Herkes her şeyi kendi meşrebince ve nasibince yaşar. Nitekim ideoloji esnafları, haz esirleri, Ayşenur’u istismar edemediler. Cumartesi günü Ayşenur Camii avlusundan çok güzel ve layık olduğu bir hürmetle uğurlandı. Çok farklı siyasi görüş ve meşrepten insanın bir arada olmasına rağmen, kimse kimseye yan gözle bakamadı, kem söz edemedi. Türkiye’nin özü diye bir şey varsa eğer o gün o, cami avlusundaydı. Kaç kişiydi diye saymadım merak da etmedim; zira öz sayılamaz, samimiyet sayılamaz, gönülden çıkıp gelen sayılamazdı. Güzel ve temiz bir ruh herkesi selamda, İsrail’e, o şeytani kötülüğe kahırda, birleştirdi. Ne gündelik siyaset ne ideolojik hesaplar.

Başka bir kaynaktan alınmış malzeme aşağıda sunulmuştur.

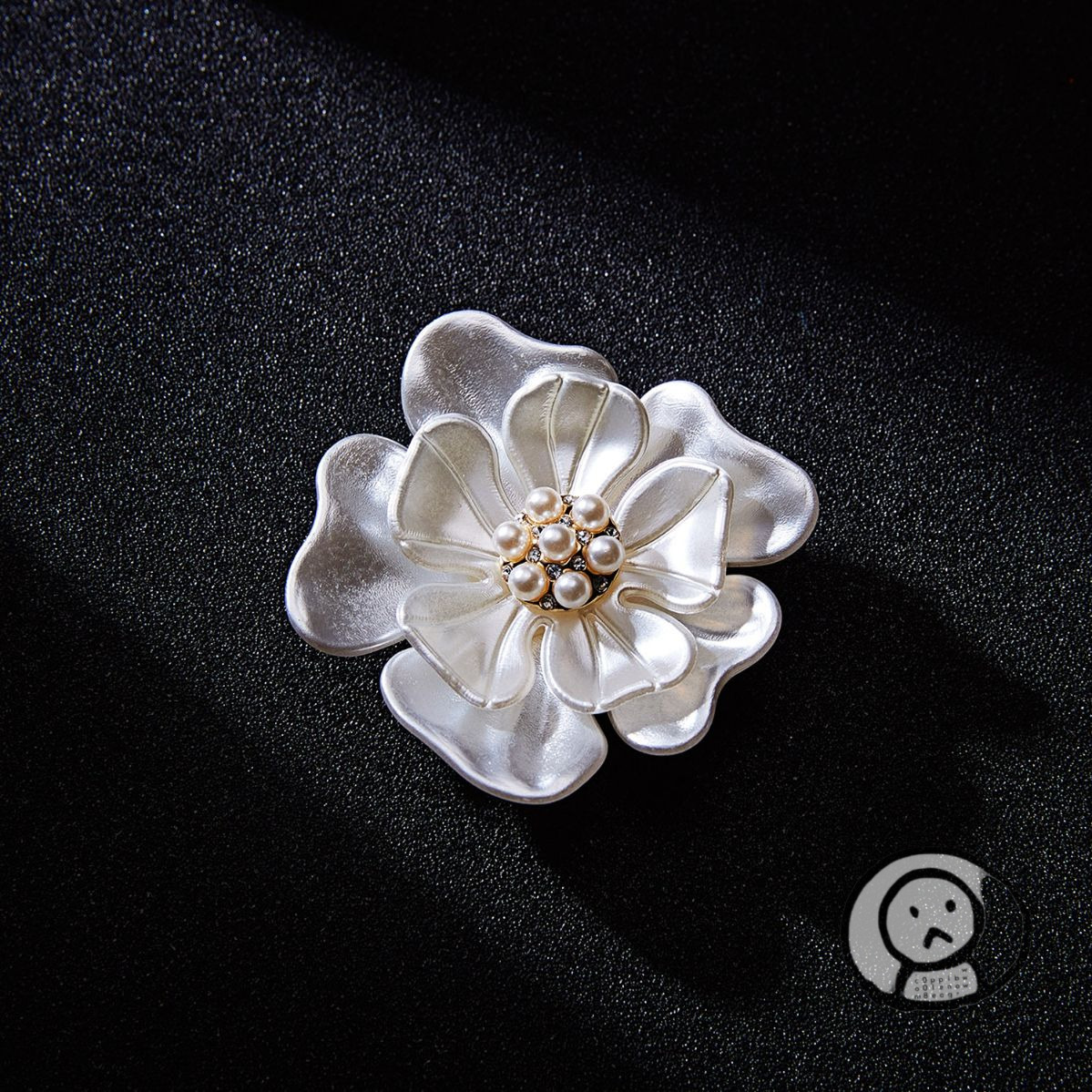 白色山茶花金屬胸針 別針 絲巾扣 衣服手袋飾品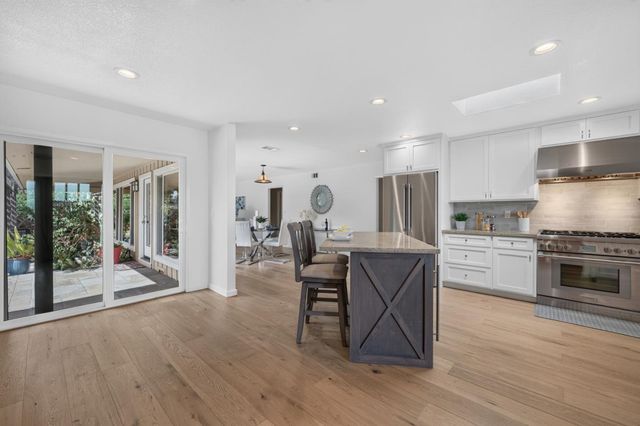 210 Rodonovan Drive, Santa Clara, CA 95051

Sosyal medya için özel reyting büyüteciyle odaklanılan siyasi tartışmalar bile, cenazeyi gölgeleyemedi, hatta orda bulunanların bundan haberi bile olmadı.  

Sevgili Ayşenur, huzurla uyu; ne siyasetin ne grupların ne şahsi egoların ihtirası, ne de karanlık hiçbir şeyin gölgesi düşmedi senin üstüne. Kaderin ve nasibin buna izin vermedi ama haklı itirazlar ve adalet talepleri hep oradaydı, oradaydı tüm içten sitemler.  

Gerçek bir hikâyesi olanlar dışında zamanın değirmeni her şeyi öğütür, tüm çehreleri silikleştirir ve tüm isimleri unutturur, kendini şahsi çıkarlarını aşan bir hikâyeye katanların hatıraları ve hatırları unutulmaz. Ayşenur’un da her hayırlı işte, her iyilik ve özgürlük mücadelesinde, her sömürgecilik karşıtı direnişte adı anılacak. Filistin için toprağa düşen her canda Ayşenur’un da adı geçecek ve Filistin özgür olduğunda Ayşenur’a ve onun gibi tüm şehitlere selam durulacak.  

Nihayetinde Ayşenur bize bu hayata ne pahasına olursa olsun mal mülk edinmek, ne olursa olsun kariyer yapmak, ne olursa olsun mevki ve güç elde etmek, ne olursa olsun başarılı hatta mutlu olmak için gelmediğimizi hatırlattı. Ayşenur’un şehadeti herkese vazifesini bir kez daha hatırlattı.   

Sen bir çiçeksin dedi  

Tabiatın vakti gelince açmak  

Vakti gelince solmak  

Bir çiçeksin, çalıların ve dikenlerin arasında  

Vazifen hep çiçek kalmak  

  


Not: Yazıda kullanılan ilk şiir yazarın çevirisi, ikinci şiirse kendisine aittir.